Keep the wording of every entry exactly as it is while leaving the pictures out of your copy.

┌──

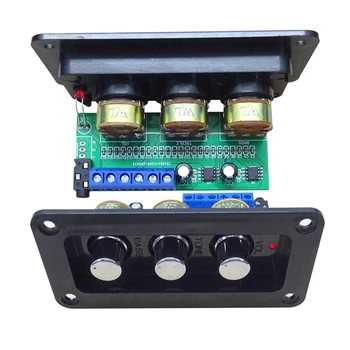 3X Dijital güç amplifikatörü Kurulu Stereo Amp NS4110B ses amplifikatörü 2X20W HIFI Amplificador Tiz Bas Ton Paneli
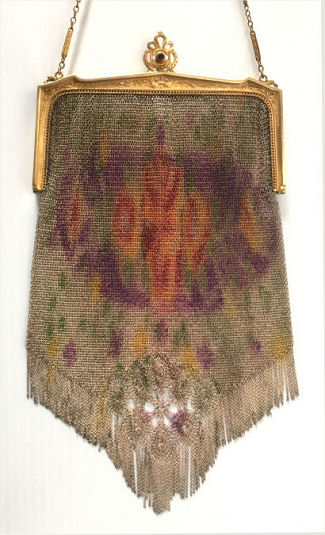 Whiting & Davis Dresden Mesh Purse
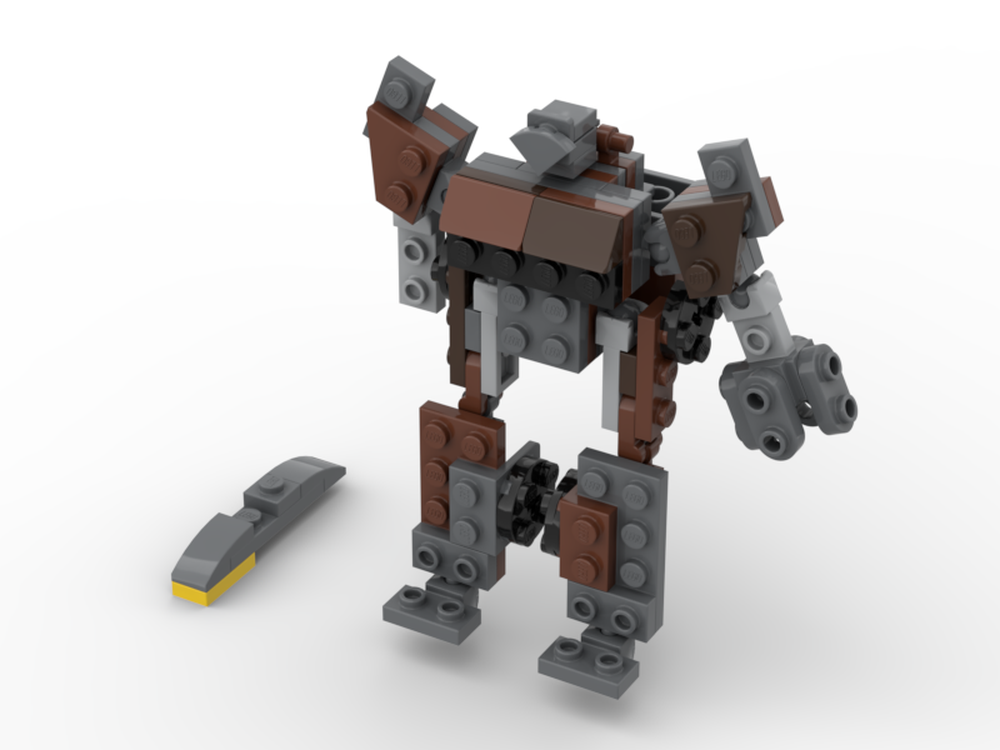 Lego Mini(ish) ROTB Scourge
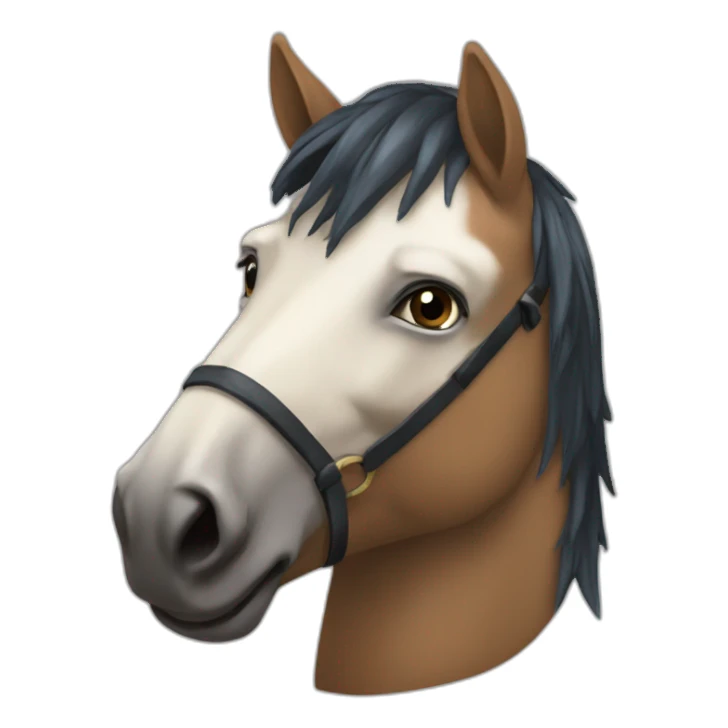 Seiye los caballos del zoológico sticker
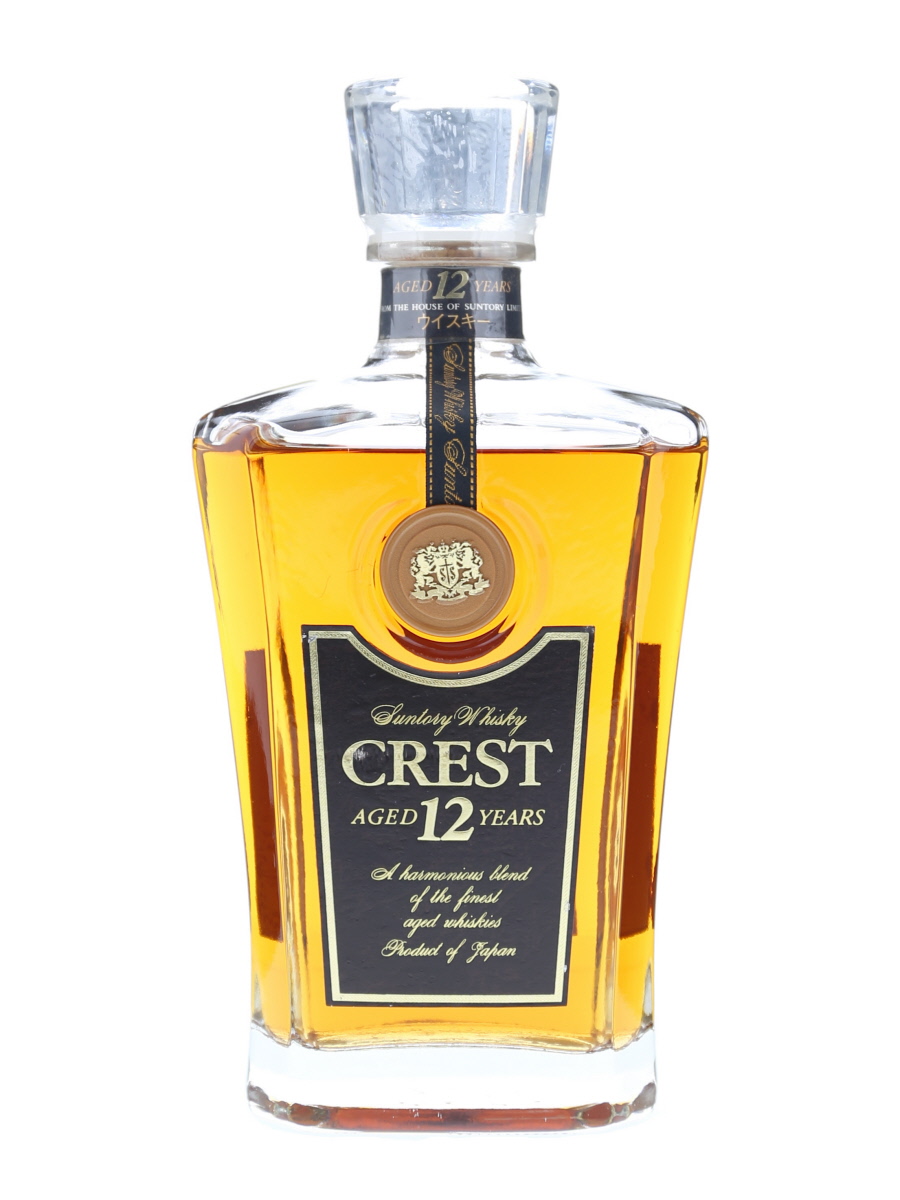 サントリー クレスト 12年 700ml / 43% - 歌舞伎ウイスキー 日本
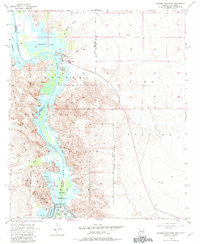 Download a high-resolution, GPS-compatible USGS topo map for Imperial Reservoir, AZ (1983 edition)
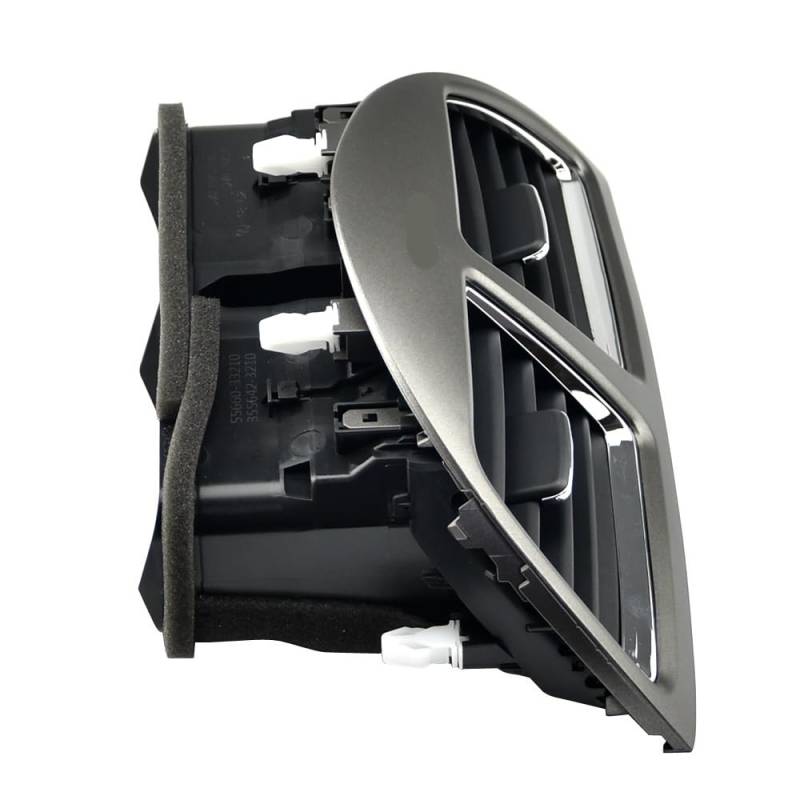 UIBHGVFG AC Lüftungsgitter Auto AC Klimaanlage Vent Center Outlet Panel Abdeckung Für Lexus Für ES Für ES350 Für V40 2006-2012 AC Mitte Armaturenbretts von UIBHGVFG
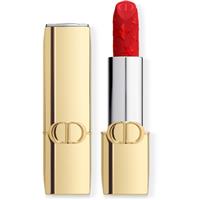 DIOR Rouge Dior long-lasting lipstick limited edition shade 999 fini velours 3.5 g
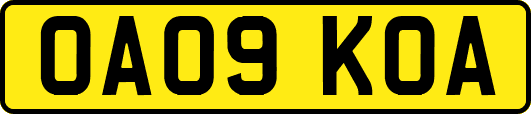 OA09KOA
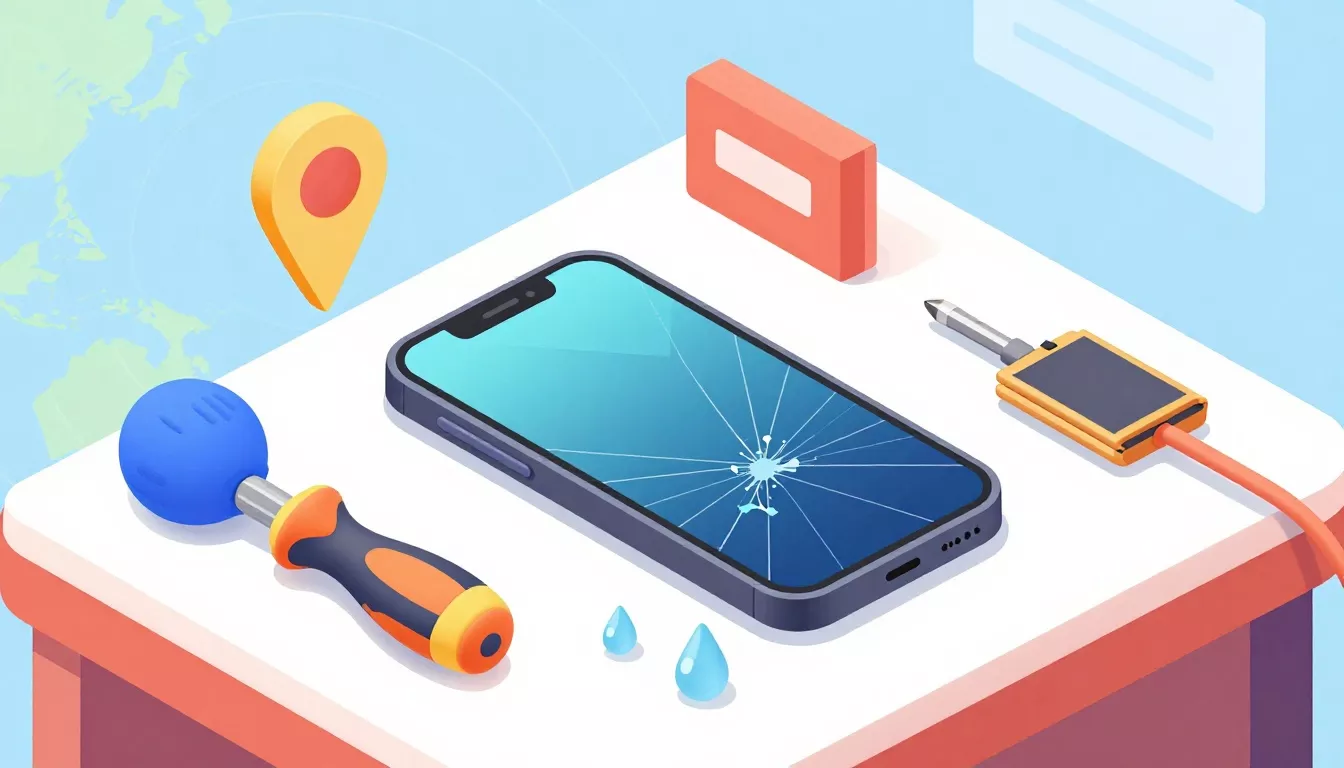 Как мастерской по ремонту телефонов собирать заявки через гео-SMS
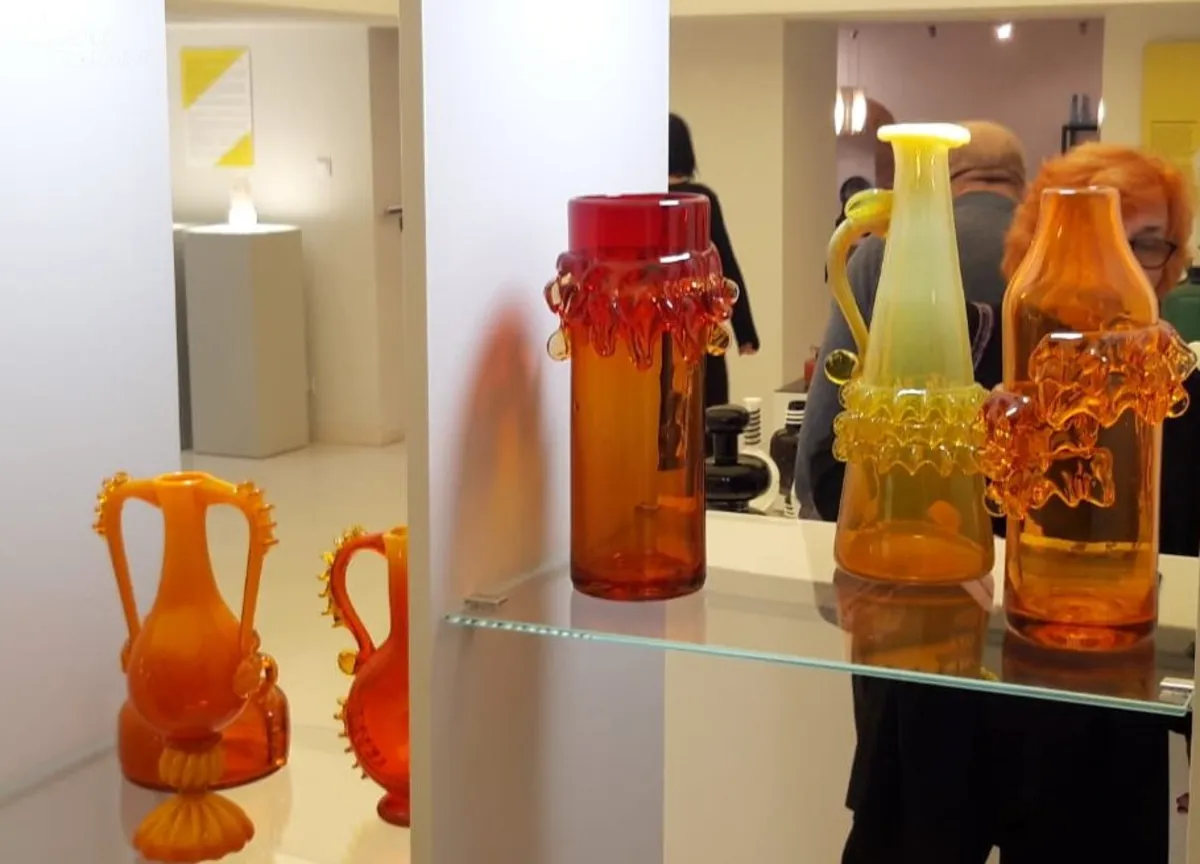  Kolorowe szkła  Jerzego Słuczan-Orkusza w Galerii Lipowa 3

└──

# [Solution to this problem]
 3X Dijital güç amplifikatörü Kurulu Stereo Amp NS4110B ses amplifikatörü 2X20W HIFI Amplificador Tiz Bas Ton Paneli
 Whiting & Davis Dresden Mesh Purse
 Lego Mini(ish) ROTB Scourge
 Seiye los caballos del zoológico sticker
 サントリー クレスト 12年 700ml / 43% - 歌舞伎ウイスキー 日本
 Download a high-resolution, GPS-compatible USGS topo map for Imperial Reservoir, AZ (1983 edition)
 UIBHGVFG AC Lüftungsgitter Auto AC Klimaanlage Vent Center Outlet Panel Abdeckung Für Lexus Für ES Für ES350 Für V40 2006-2012 AC Mitte Armaturenbretts von UIBHGVFG
 DIOR Rouge Dior long-lasting lipstick limited edition shade 999 fini velours 3.5 g
 OA09KOA
 Как мастерской по ремонту телефонов собирать заявки через гео-SMS
  Kolorowe szkła  Jerzego Słuczan-Orkusza w Galerii Lipowa 3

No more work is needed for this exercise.